** Data extract **
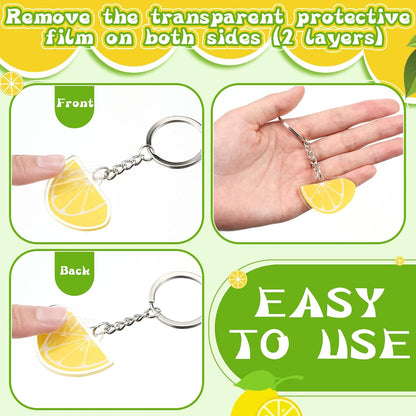 50 Pcs Lemon Keychains Lemon Party Favors Cute Summer Fruit Keychains Bulk for Baby Shower Bridal Shower Birthday Wedding Party Decoration Supplies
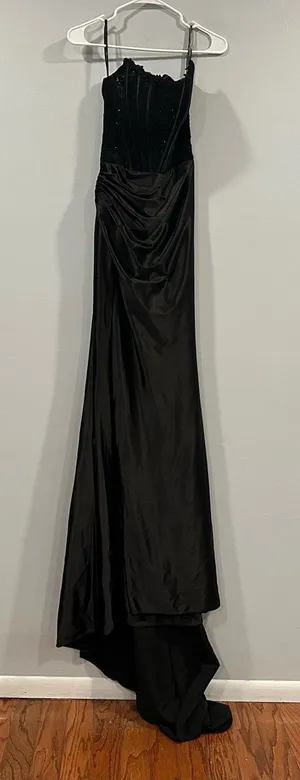 Sherri Hill 55419 Black Corset Beaded Bodice and Satin Gown Sz 2 Prom thumbnail 1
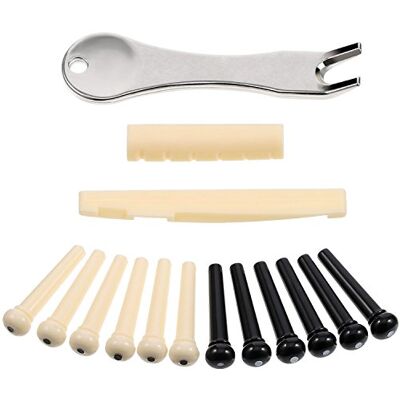 TecUnite Guitarra Bridge Pins Puller removedor ferramenta extrator Com porca de selim de guitarra, 12 pacotes de pinos para Guitar Bridge TecUnite Guitarra Bridge Pins Puller removedor ferramenta extrator Com porca de selim de guitarra, 12 pacotes de pinos para Guitar Bridge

** Assigned task **
Each line of the data above must be reproduced as written. Skip the pictures.

** Output of the task **
 50 Pcs Lemon Keychains Lemon Party Favors Cute Summer Fruit Keychains Bulk for Baby Shower Bridal Shower Birthday Wedding Party Decoration Supplies
 Sherri Hill 55419 Black Corset Beaded Bodice and Satin Gown Sz 2 Prom thumbnail 1
 TecUnite Guitarra Bridge Pins Puller removedor ferramenta extrator Com porca de selim de guitarra, 12 pacotes de pinos para Guitar Bridge TecUnite Guitarra Bridge Pins Puller removedor ferramenta extrator Com porca de selim de guitarra, 12 pacotes de pinos para Guitar Bridge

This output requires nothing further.